Question
Alexander Fleming discovered penicillin in 1928. Which of the following best describes the mechanism by which penicillin kills bacteria?
(a) It disrupts the bacterial cell membrane (b) It inhibits bacterial cell wall synthesis (c) It blocks bacterial protein synthesis (d) It inhibits bacterial DNA replication
Solution — Step by Step
Penicillin belongs to the β-lactam class of antibiotics. Its target is the bacterial cell wall — specifically, it interferes with the synthesis of peptidoglycan, the structural polymer that gives bacterial cell walls their rigidity.
Bacteria maintain a high internal osmotic pressure. The peptidoglycan cell wall acts like a rigid cage that holds the cell together against this pressure. Without it, the bacterium literally bursts — a process called osmotic lysis.
Penicillin binds to and inactivates penicillin-binding proteins (PBPs), which are the enzymes responsible for cross-linking peptidoglycan chains during cell wall formation. New bacteria trying to grow and divide can’t build a proper wall, so they rupture.

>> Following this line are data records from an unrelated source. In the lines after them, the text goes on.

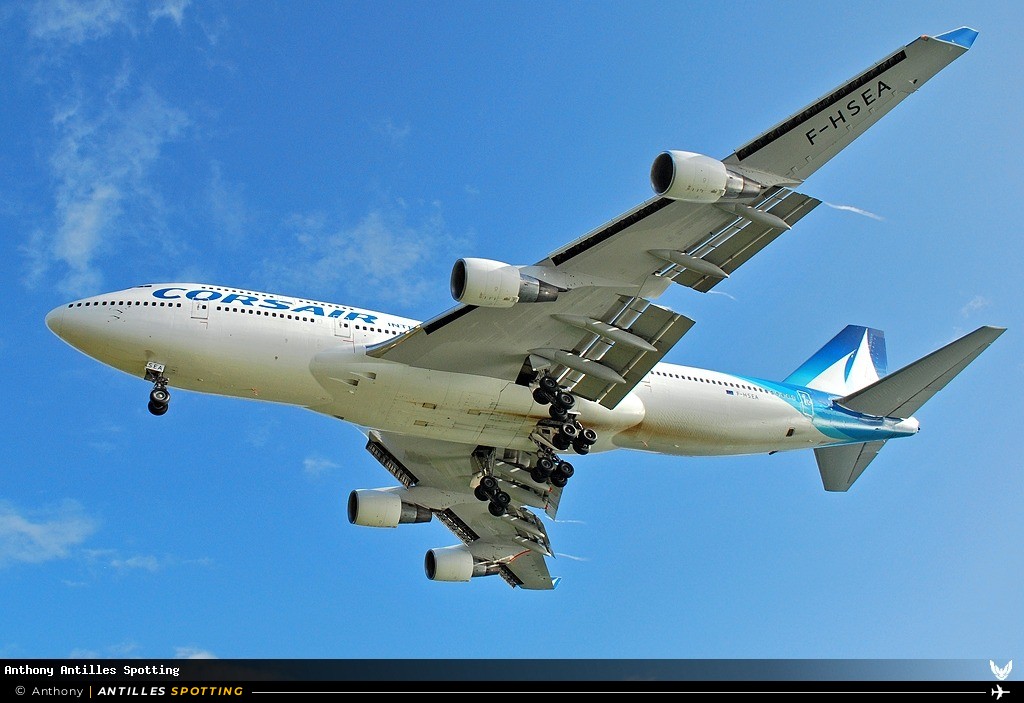F-HSEA · Boeing 747-400, Corsair International, Martinique – Aimé Césaire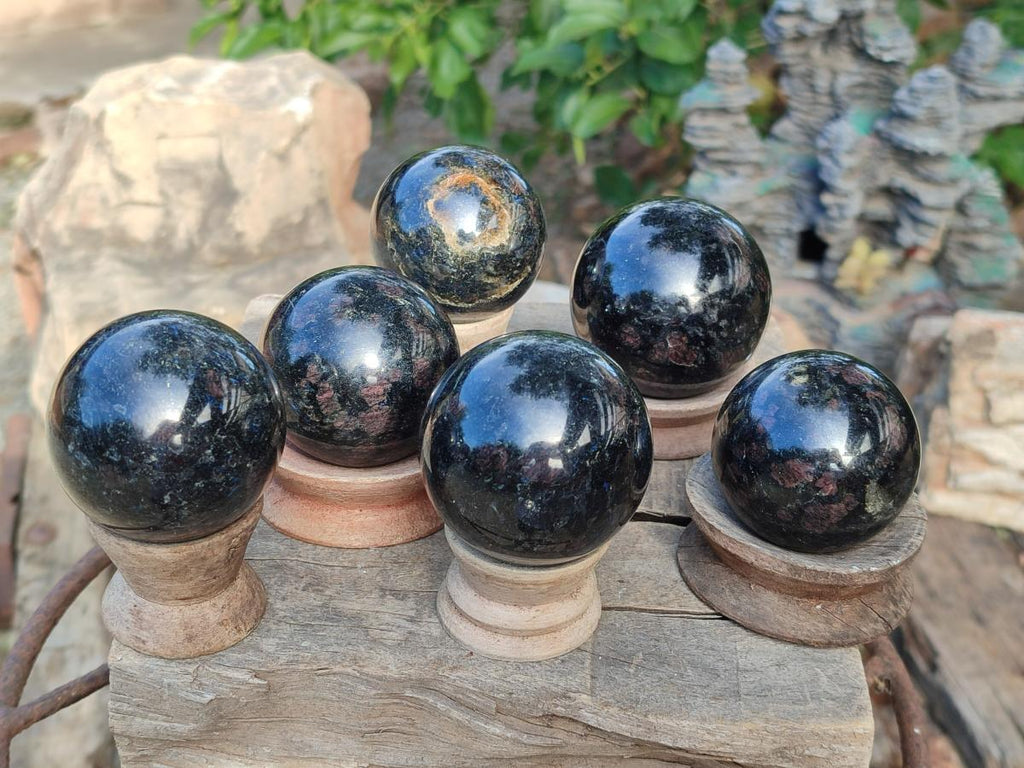 Polished "Water Sapphire" Spheres with Sillimanite x 6 From Ambatofinandrahana, Madagascar - Toprock Gemstones and Minerals 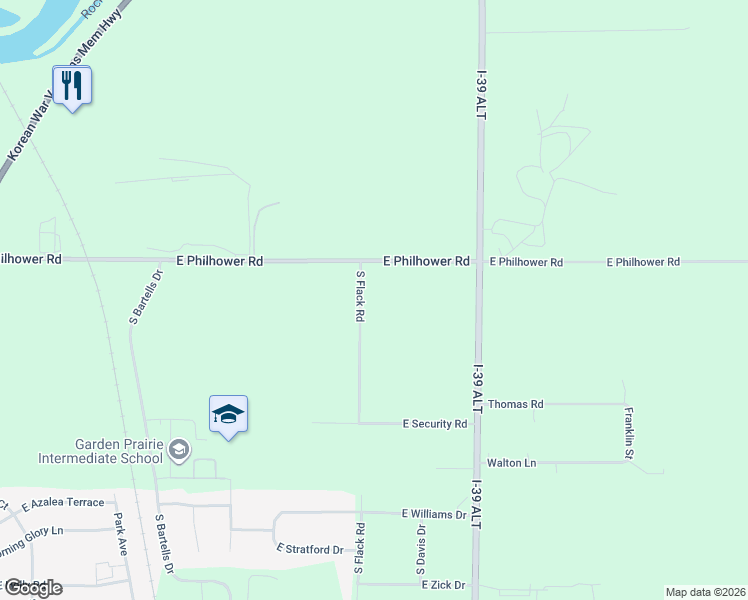 map of restaurants, bars, coffee shops, grocery stores, and more near 3441 South Flack Road in Beloit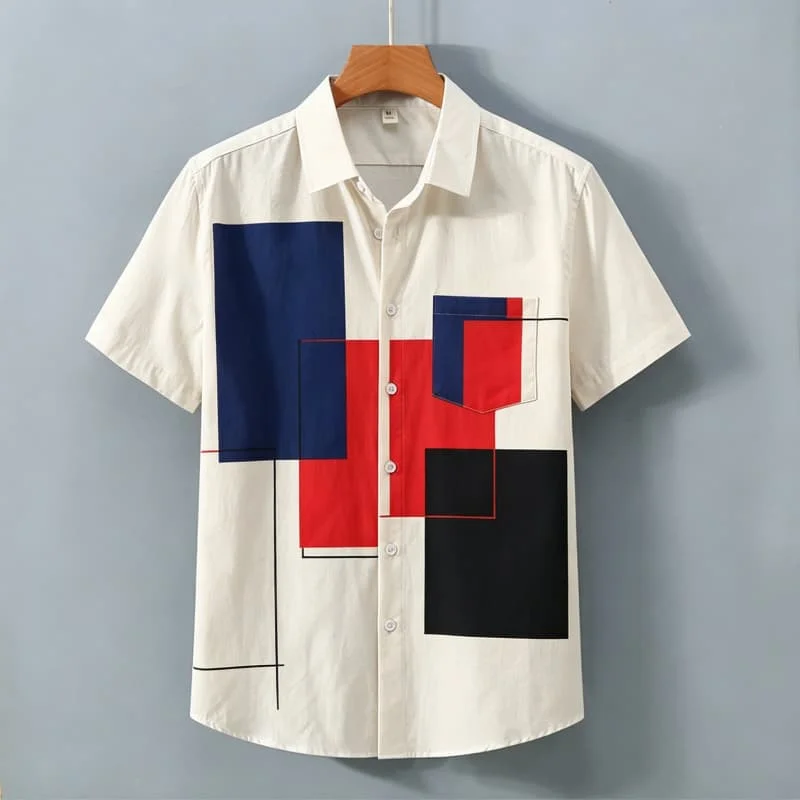 Geometric Printed Short Sleeved Shirt With pockets, Sleek Modern style, Suitable For Casual Wear And Outdoor Travel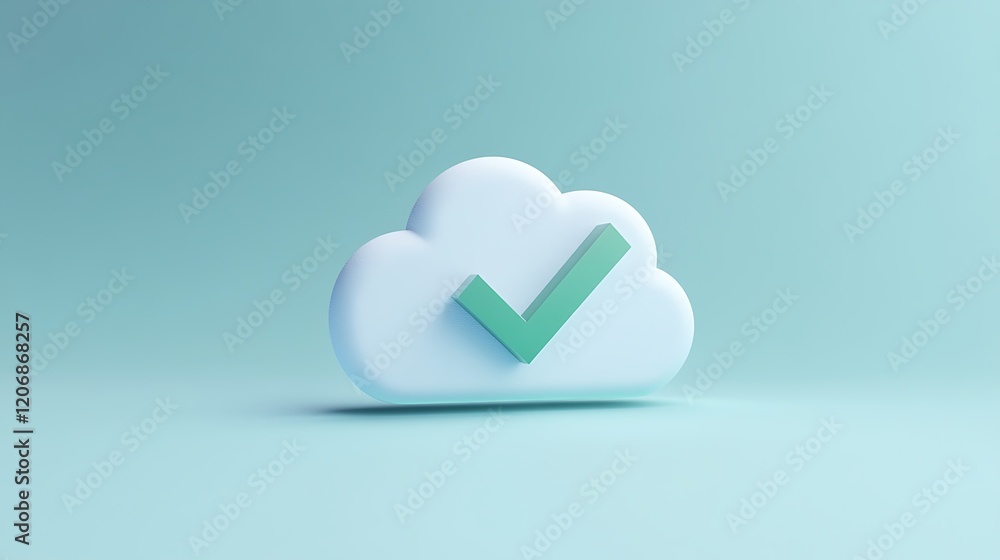 Poster 3d illustration of a cloud with a green check mark symbolizing security and success in cloud computi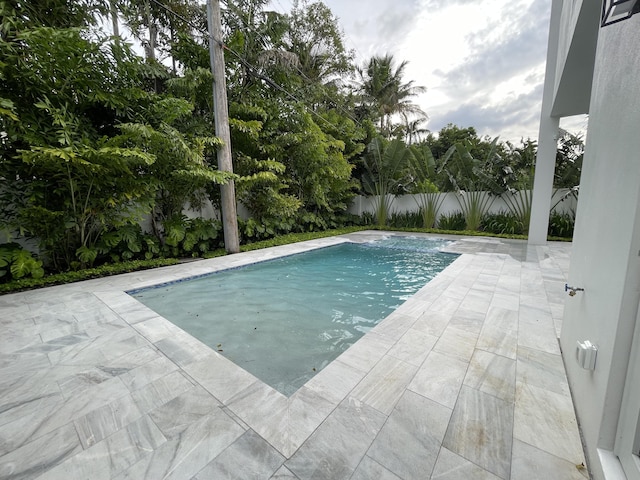 view of swimming pool featuring a patio and a fenced backyard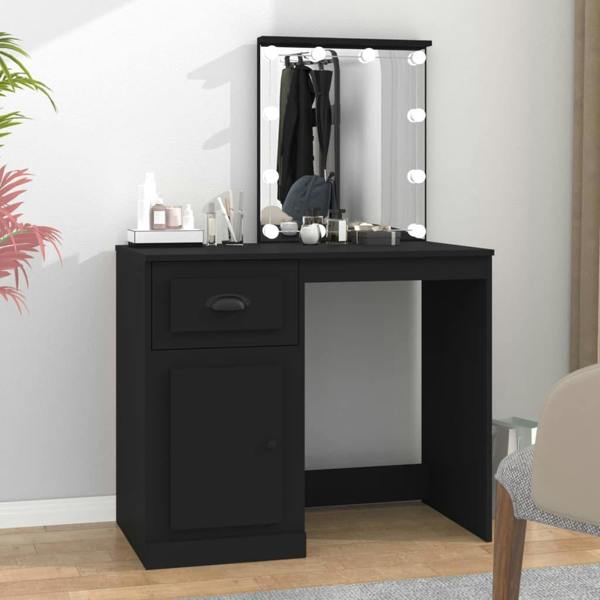 Berkfield Dressing Table with LED Black 90x50x132.5 cm Engineered Wood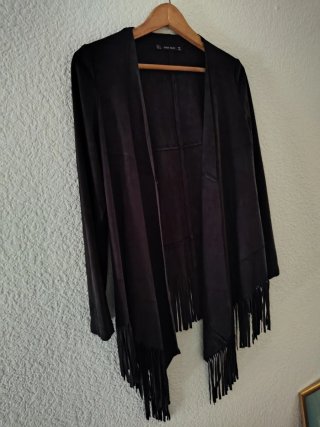 Chaqueta de Ante Negra Zara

The correct answer is (b) — penicillin inhibits bacterial cell wall synthesis. Options (a), (c), and (d) describe mechanisms of other antibiotic classes (polymyxins, chloramphenicol/erythromycin, and fluoroquinolones respectively).
Why This Works
Fleming noticed in 1928 that a Penicillium notatum mold had contaminated his Staphylococcus culture plates — and the bacteria around the mold were dying. What he observed was the mold secreting penicillin to kill competing bacteria, a classic example of antibiotic activity in nature.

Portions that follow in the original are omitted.